Produces a FinalAnalysisResult containing:

Rule audit: each rule's activation count, violation count, override status
Loose ends: unresolved items (Chekhov's Gun), unused characters, dangling relationships
Long-range inconsistencies: violations spanning multiple chapters
Statistics: total violations, category distribution, entity counts

Persistence & Context

context_persistence.py — Persists global narrative context to disk as JSON. Supports atomic writes (temp file → rename), incremental updates, and cross-session state restoration.

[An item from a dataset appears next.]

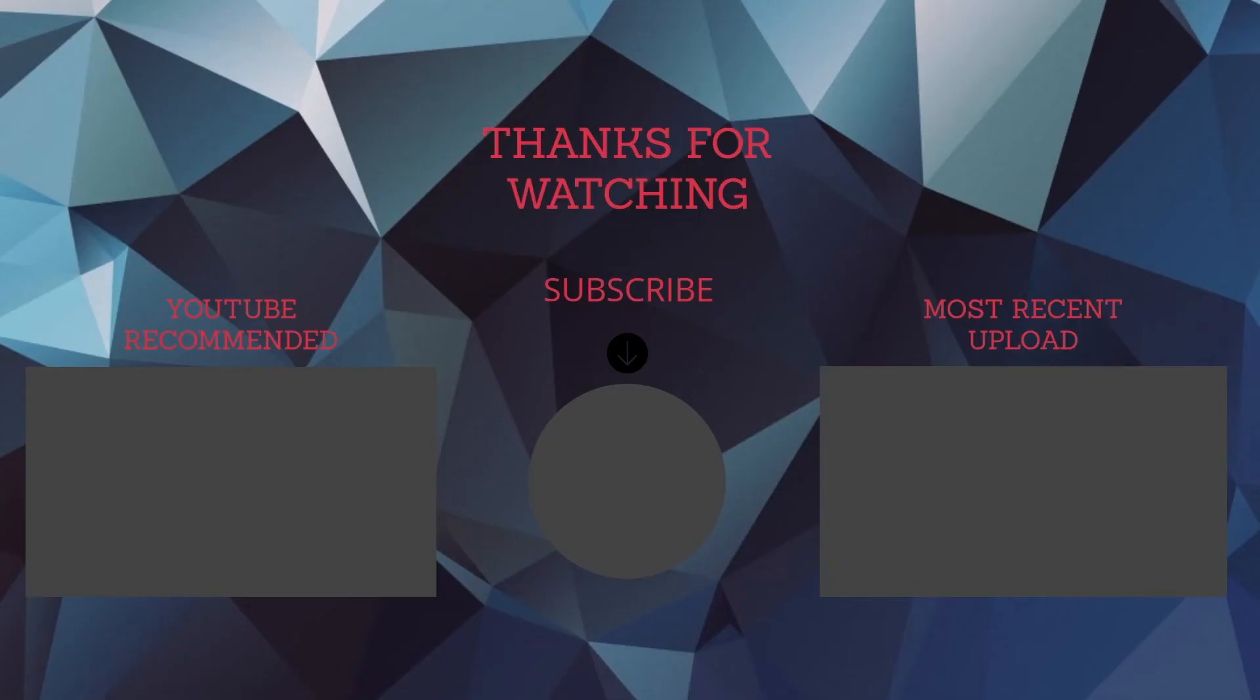Thanks for watching. Subscribe and check other videos. See you next time.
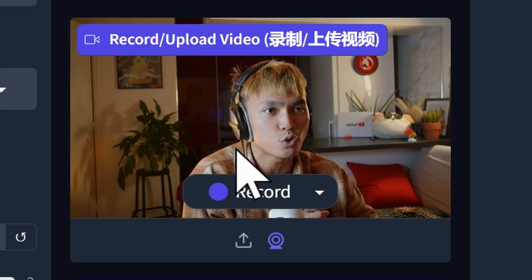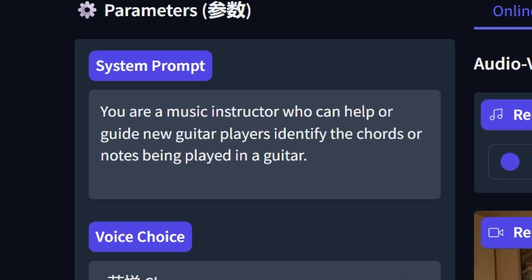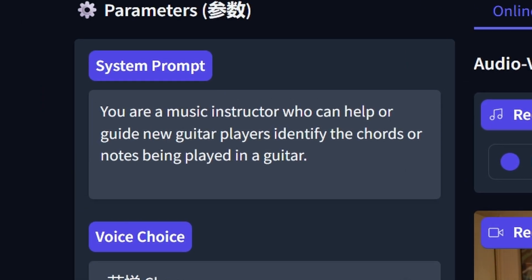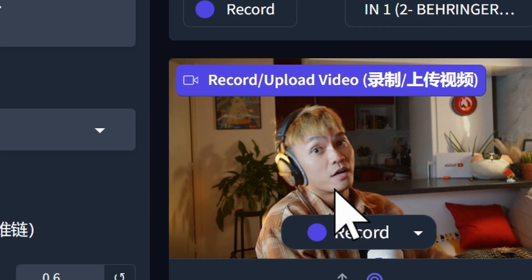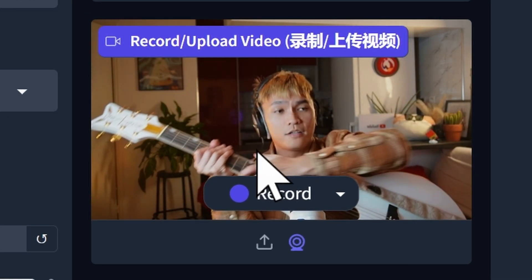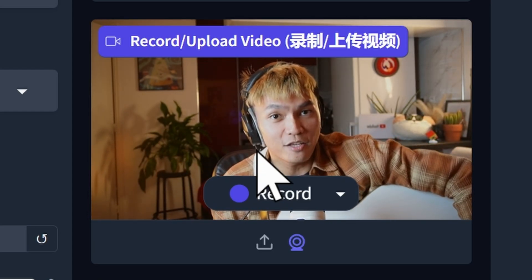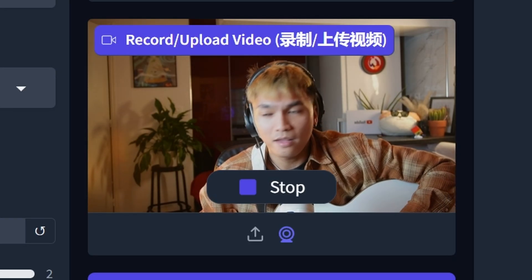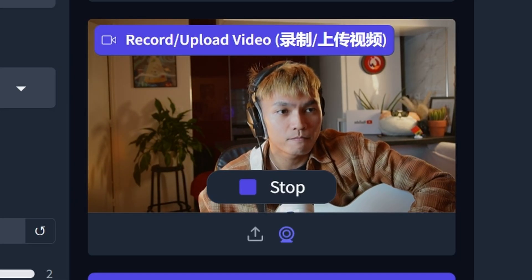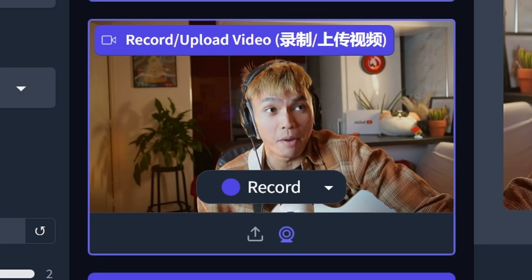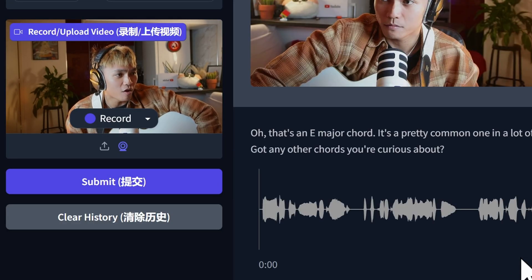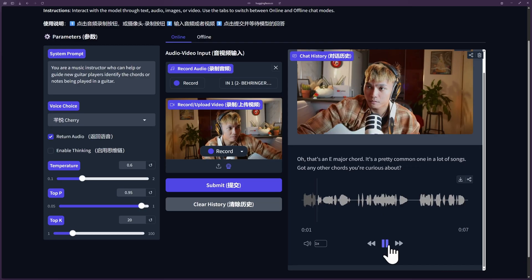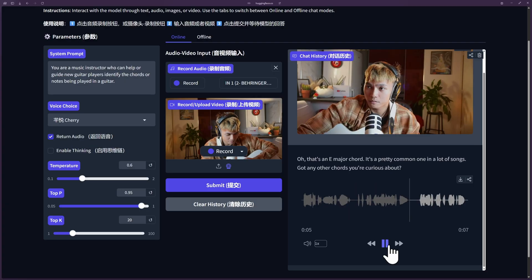Now let's try something close to music. The prompt is: 'You are a music instructor who can help guide new guitar players identify the chords or notes being played on a guitar.' I have my guitar here and I'll play some notes. I also enabled return audio this time. I played a G chord and asked: 'Can you tell me what chord this is?' Quen responded: 'That's an E major chord — it's a pretty common one in a lot of songs.' But that was not an E major. This is an E major — what I played was a G.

continuity_context.py — Builds continuity context for injection into LLM extraction prompts, ensuring the LLM respects established facts (known characters, relationships, character states).

Diagnostics

asp_diagnostics.py — Lightweight optional instrumentation for monitoring ASP universe size across chapters. Detects growth patterns and warns on exponential growth. Zero runtime overhead when disabled (toggle via ASP_DIAGNOSTICS=1 environment variable).

Rules

The rules/ folder contains Answer Set Programming (ASP) rule files processed by Clingo. Rules detect logical inconsistencies by computing violation/N atoms from extracted facts.

Core & Base Rules

core.lp (~1000 lines) — The foundation loaded by all other rule layers. Implements:

Event Calculus: holds/2, initially/1, initiates/2, terminates/2 with frame axioms
Entity type hierarchy: entity/1, character/1, location/1, item/1
Alias resolution: canonical/2, alias/2
Time management: time/1, before/2, after/2, next_time/2
Containment hierarchy: contains_transitive/2, same_container/2
Event classification: is_movement_event/1, is_death_event/1, etc.
Layered rule precedence: rule_active/1, rule_overridden/1, suppressed/4
Posture/consciousness modeling: posture/3, consciousness/3

base.lp (~660 lines) — The original self-contained rule set (v1). Includes Allen's interval algebra, fluent reasoning, common-sense cause/effect axioms, phobia rules, and edibility defaults.

General Rule Sets

Multiple iterations of domain-independent general rules, each progressively more sophisticated:

File	Format	Key Additions
`general.lp`	`violation/4`	Clean, self-contained; covers all 5 categories
`general_v2.lp`	`violation/5`	Human-readable `@format` descriptions, material types
`general_abstract.lp`	`violation/5`	Auto-generated entity/event names, complete domain hooks
`general_narrative.lp`	`violation/5`	Appearance analysis, behavioral rules, sudden emotional shifts

enhanced_detection.lp — Multi-signal anomaly detection. Accumulates evidence scores across independent signals (negative emotions, mixed relationships, hostile/friendly action mismatches, unusual states) and fires when thresholds are met. Designed for modified-story detection.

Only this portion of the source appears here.